Quote all lines below exactly. Images stay out.

╭─ DATA SHOWN

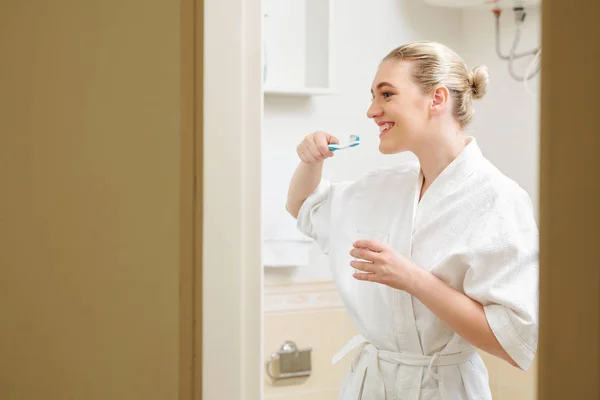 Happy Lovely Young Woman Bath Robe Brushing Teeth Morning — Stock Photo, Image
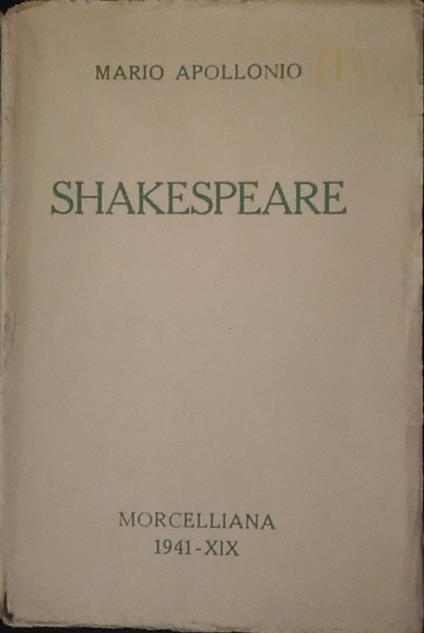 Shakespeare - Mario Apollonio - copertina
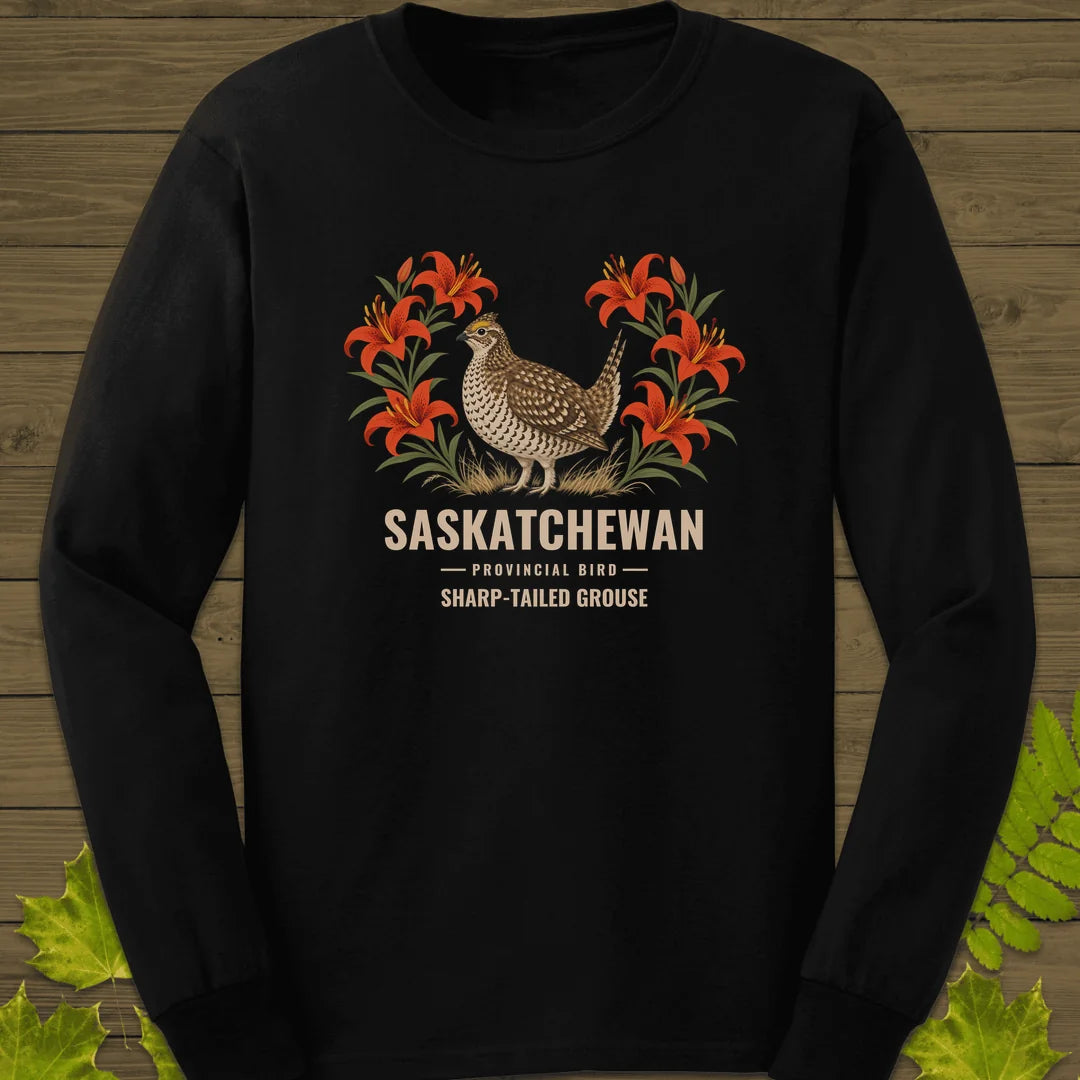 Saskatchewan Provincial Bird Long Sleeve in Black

╰─

### YOUR SOLUTION
 Happy Lovely Young Woman Bath Robe Brushing Teeth Morning — Stock Photo, Image
 Shakespeare - Mario Apollonio - copertina
 Saskatchewan Provincial Bird Long Sleeve in Black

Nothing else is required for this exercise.